Metadata-Version: 2.1
Name: pqcryptography
Version: 0.0.1
Summary: easy post quantum cryptography library
Home-page: https://github.com/FunDan3/pqcryptography/
Author: Fun_Dan3
Author-email: dfr34560@gmail.com
Project-URL: Bug Tracker, https://github.com/FunDan3/pqcryptography/issues
Classifier: Programming Language :: Python :: 3
Classifier: License :: OSI Approved :: GNU General Public License v3 (GPLv3)
Classifier: Operating System :: OS Independent
Requires-Python: >=3.8
Description-Content-Type: text/markdown
License-File: LICENSE
Requires-Dist: pycryptodome
Requires-Dist: liboqs

# PQCryptography

This library was written due to rising threat of quantum computing.
It main goal is to create easy wrapper of liboqs to spread post quantum cryptography

## Installation
```bash
pip install pqcryptography
```
## How to use pqcryptography
### Importing
```python3
import pqcryptography as pqc
```

### Generating keys / signs
```python3
public_key, private_key = pqc.encryption.generate_keypair()
public_sign, private_sign = pqc.signing.generate_signs()
```
Just like in any other asymmetric encryption library.

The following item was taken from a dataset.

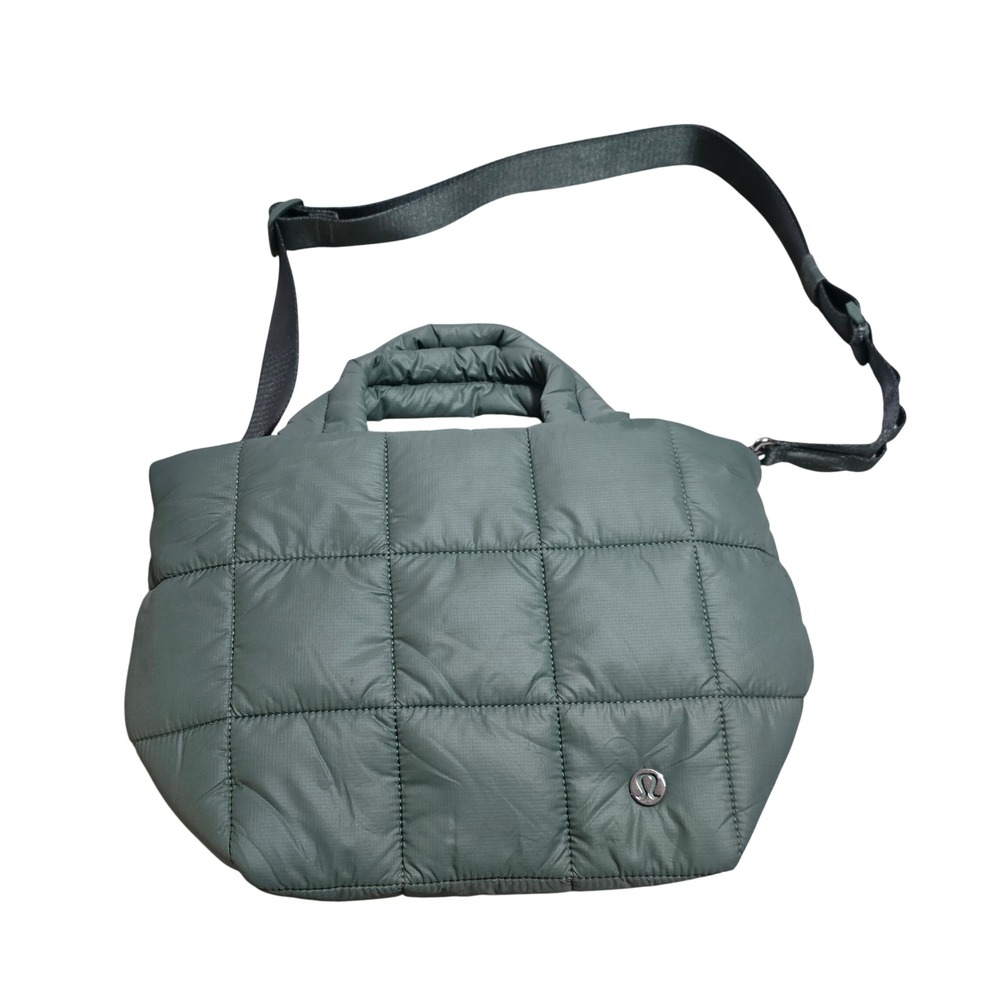 Lululemon Womens Quilted Grid Crossbody Tote Bag Eucalyptus Sage Green OS - Picture 4 of 10
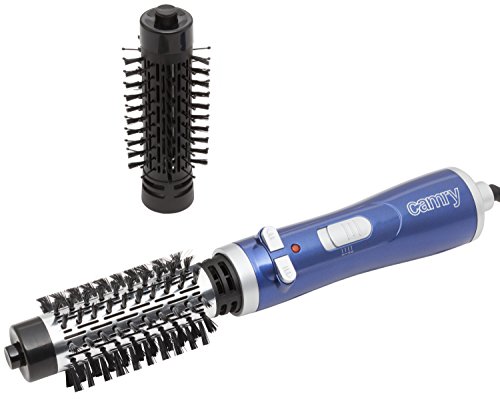 Preisvergleich Produktbild Rotierende Warmluftbürste / Elektrischer Lockenstab / Volumen und Lockenstyler / 2 Aufsätze / 3 Temperatureinstellungen / 1000 Watt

### Encryption and decryption
**How encryption work**
```python3
message = "Test Message"
encrypted_message = pqc.encryption.encrypt(public_key, message.encode("utf-8"))
```
Please take into consideration that message needs to be encoded before encryption. Here I used utf-8 encoding. Alternatively you can use raw bytes for message.
Also encryption of message increases its size exactly by 1600 bytes. This is because AES-256 nonce and tag is stored at the beginning of the message.
`encrypted_message` type is bytes.
**How decryption work**
```python3
retrieved_message = pqc.encryption.decrypt(private_key, encrypted_message)
print(retrieved_message.decode("utf-8"))
```
`retrieved_message` needs to be decoded if you didn't encrypt raw bytes.
Output is "Test Message"

## Signing and verifying
**How signing works**
```python3
signed_message = pqc.signing.sign(private_sign, message.encode("utf-8"))
```
`signed_message` type is bytes. Signature is appended to the message and its size will vary from algorithm to algorithm. Here's how to get it's size:
```python3
print(pqc.signing.get_details()["length_signature"])
```
**How verification works**
So we got our message. That is how we should verify that it is legit:
```python3
verified_message = pqc.signing.verify(public_sign, signed_message)
print(verified_message.decode("utf-8"))
```
`verified_message` is just encoded `message` with signature stripped.
If message was tampered with verify function will raise `AssertionError`

### Using non-default algorithm
So you want to change encryption/signing algorithm? Sure! Just use keyword `algorithm`. It is supported for every function except `get_algorithms()`

### Default algorithms
Default encryption algorithm is `Kyber1024`. Default signing algorithm is `Dilithium5`

### Algorithms
If you don't want to use default algorithm you can pick one from the algorithm list.
```python3
print(pqc.encryption.get_algorithms())
print(pqc.signing.get_algorithms())
```
*Note: Results are incomplete and probably outdated. You should run the code yourself*
```python3
['BIKE-L1', 'BIKE-L3', ..., 'FrodoKEM-1344-AES', 'FrodoKEM-1344-SHAKE']
['Dilithium2', 'Dilithium3', ..., 'SPHINCS+-SHAKE-256f-simple', 'SPHINCS+-SHAKE-256s-simple']
```

## so you don't trust me bro?
This package uses [**unofficial** liboqs python package](https://pypi.org/project/liboqs/) which is shipped with precompiled [oqs](https://github.com/open-quantum-safe/liboqs) libraries. You can not be certain that those binaries aren't malicious so you want to build your own. You can build binaries by following build instructions at [oqs official repository](https://github.com/open-quantum-safe/liboqs) and replace **.so**/**.dll** files in the package folder (*python_directory*/site-packages/liboqs/).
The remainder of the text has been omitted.